[What you will do] Once the line containing "Letní pneu 245/45/19 Pirelli" is found in the material below, it and every line after it should be transcribed exactly, with pictures left out and nothing added.

--

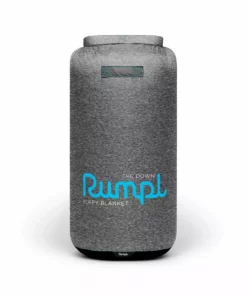 Rumpl Down Puffy Blanket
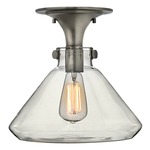 Congress 3147 Foyer Flush Mount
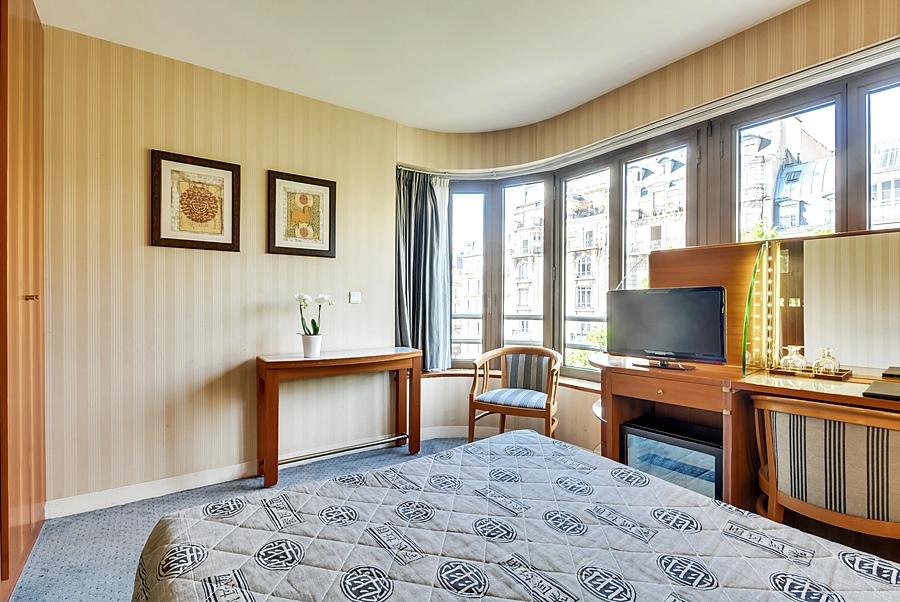 Luxembourg Hotel 4*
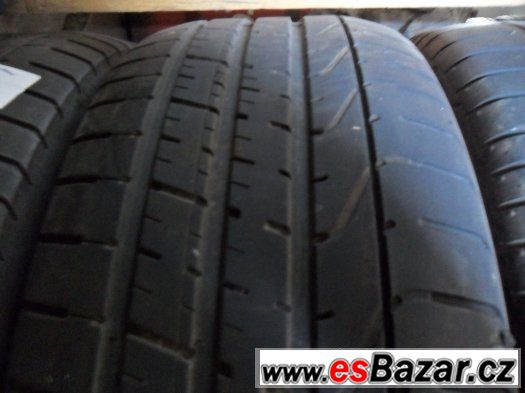 Letní pneu 245/45/19 Pirelli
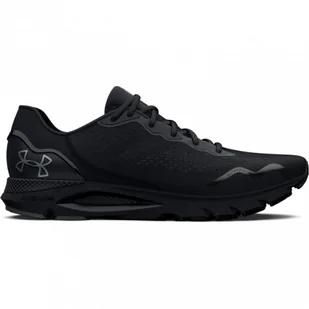 Damskie buty do biegania Under Armour UA W HOVR Sonic 6 - czarne - Buty sportowe damskie - miniaturka - grafika 1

--

[Task output]
 Letní pneu 245/45/19 Pirelli
 Damskie buty do biegania Under Armour UA W HOVR Sonic 6 - czarne - Buty sportowe damskie - miniaturka - grafika 1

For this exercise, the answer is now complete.